Secretary of State Adrian Fontes: Call Election Deniers By Their Name – ‘MAGA Fascists’

Arizona’s Secretary of State Adrian Fontes joined MSNBC’s Ali Velshi to discuss the growing number of election workers quitting amid threats of violence and how to fight back against election denialism among the “MAGA fascists” in Arizona pushing these lies with “vigor and strength,” he says. “We have to attack this terrorism directly because it is an attack on our democracy.”

Sarah Burris reports, Kari Lake criminal referral sent to Arizona AG from secretary of state:

Former [MAGA/Qanon] Republican gubernatorial candidate Kari Lake was referred to the Arizona attorney general for investigation on Monday afternoon. According to the referral, which came from Secretary of State Adrian Fontes, Lake violated state law by tweeting out copies of voter signatures in her tweets.

For the past several months, Lake has claimed that there was a conspiracy afoot and that she won the 2022 election, just as Donald Trump won the 2020 election.

Lake’s tweet that is being targeted by the secretary claims that the GOP-led Senate confirmed that 40,000 ballots were illegal, showing examples of voters’ signatures, which is against the law.

“Nothing in this section shall preclude public inspection of voter registration records at the office of the county recorder for the purpose prescribed by this section, except that … the records containing a voter’s signature … shall not be accessible or reproduced by any person other than the voter…” the office cited in the referral.

Vote Beat reported, As state legislatures convene, election laws are up for another round of changes:

Arizona lawmakers kicked off their discussions about elections this week by spending hours listening to a group that has been claiming widespread voter fraud without evidence since 2020.

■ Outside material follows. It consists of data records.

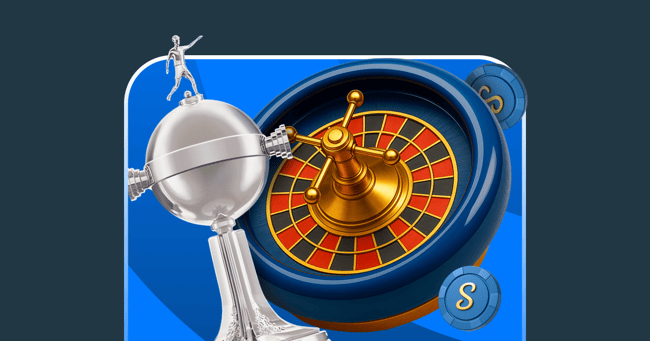 juega-casino-en-vivo-acierta-el-marcador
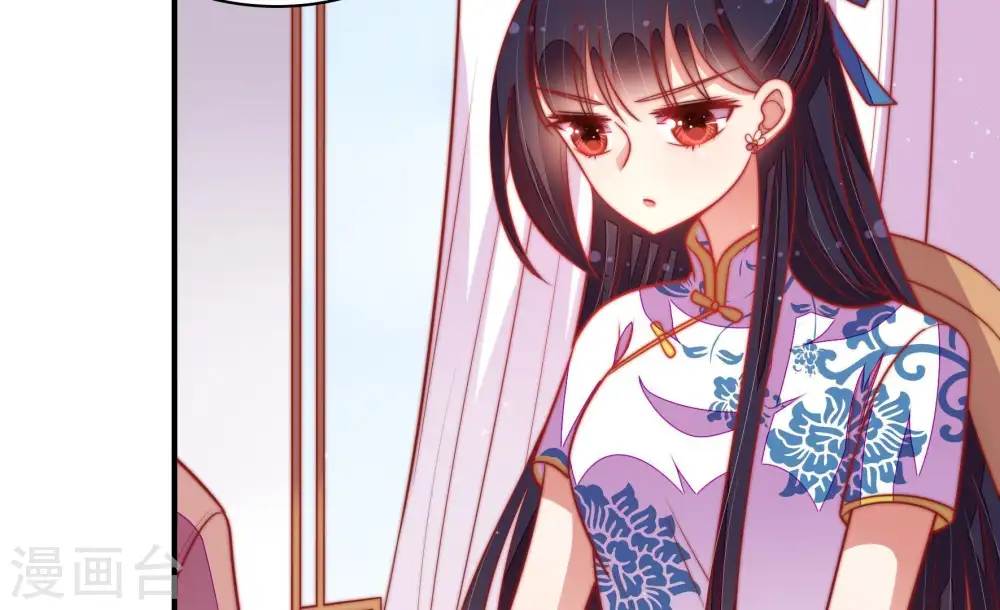 第104话 家法66
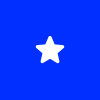 kidwell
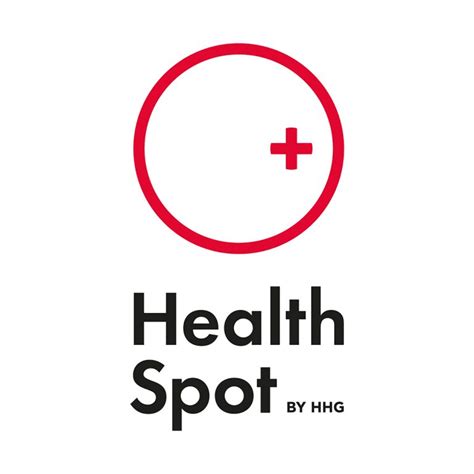 Health spot. Things To Know About Health spot. 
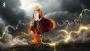 Sanji Wholecake by DX Studio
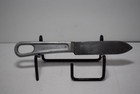 Wwii 1945 Us Military Army Navy Mess Kit Knife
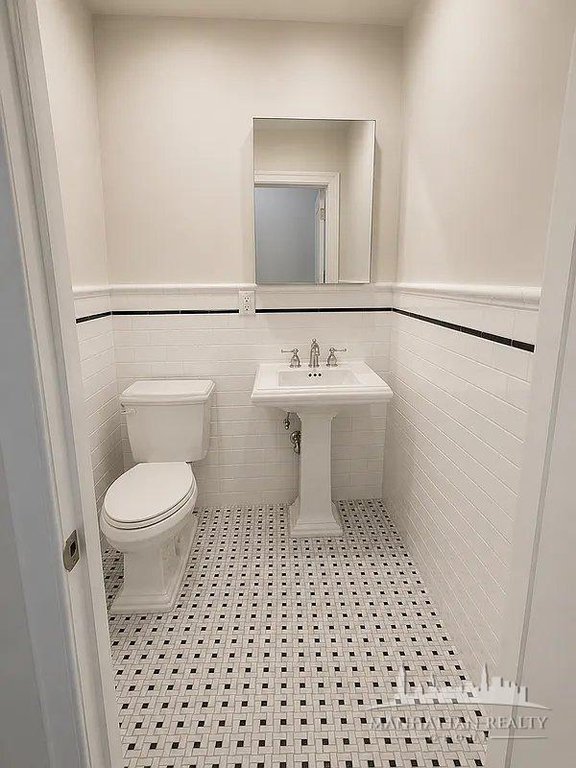 166 Second Avenue, Unit 14K photo 9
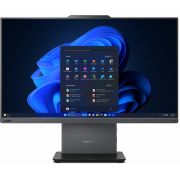 Компютър Lenovo ThinkCentre neo 50a 24 G5 All-in-One на супер цени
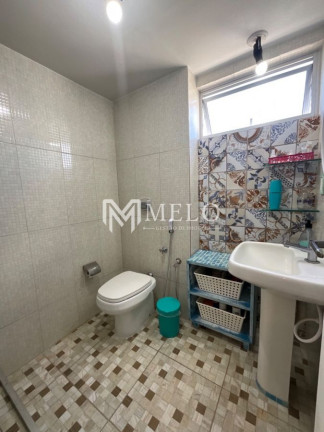 Imagem Apartamento com 3 Quartos à Venda, 67 m² em Torre - Recife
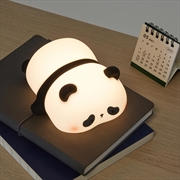 Buy ARTBOX - Silicon Mood Lamp Panda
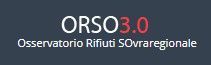 Il logo di Osso 0, visualizzato su sfondo bianco, presenta un design moderno con una tipografia audace.
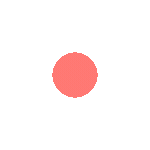Animation - 1734451852641.gif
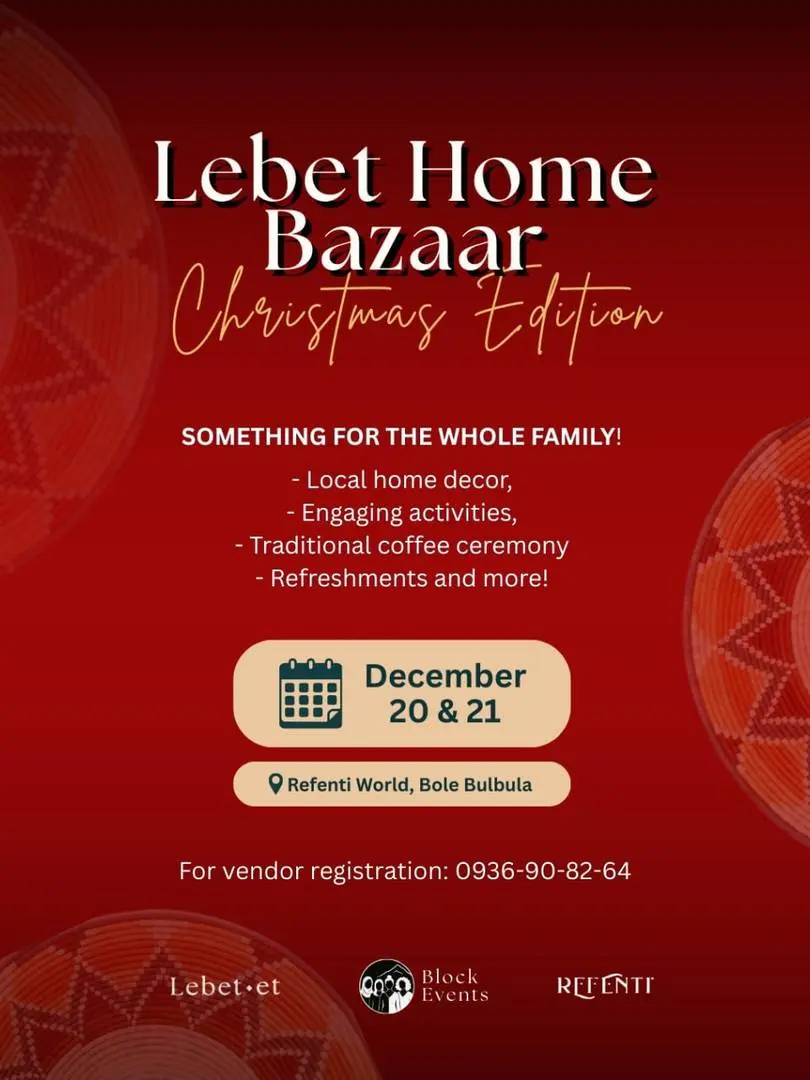 Lebet Home Bazaar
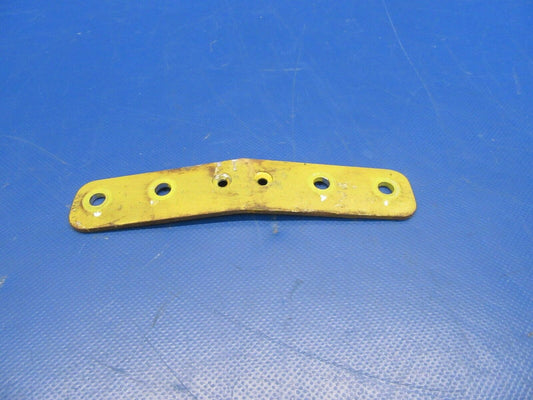 Piper PA-24-250 Comanche Strap Main Spar Attach LWR P/N 20315-02 (1219-109)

Giving the group, We the People, a platform at the start of the session may be symbolic for what’s to come this session. Republican state Sen. Wendy Rogers, who supports the most extreme proposals to limit voting access, controls the Senate elections committee that hosted the presentation Jan. 23, which Alex Gulotta of voting rights group All Voting is Local called a “conspiracy theory dog-and-pony show.”

Rogers will set the agenda for what changes to elections the committee will debate. That may mean a lot of time talking about extreme proposals that have no chance of becoming law under Democratic Gov. Katie Hobbs, and less time for discussion about moderate bills that actually stand a chance.

Dozens of election bills have already been filed, including everything from Republican proposals to eliminate early voting, vote centers, and drop boxes to Democratic proposals to bring back the permanent early voting list and allow independent voting in primaries.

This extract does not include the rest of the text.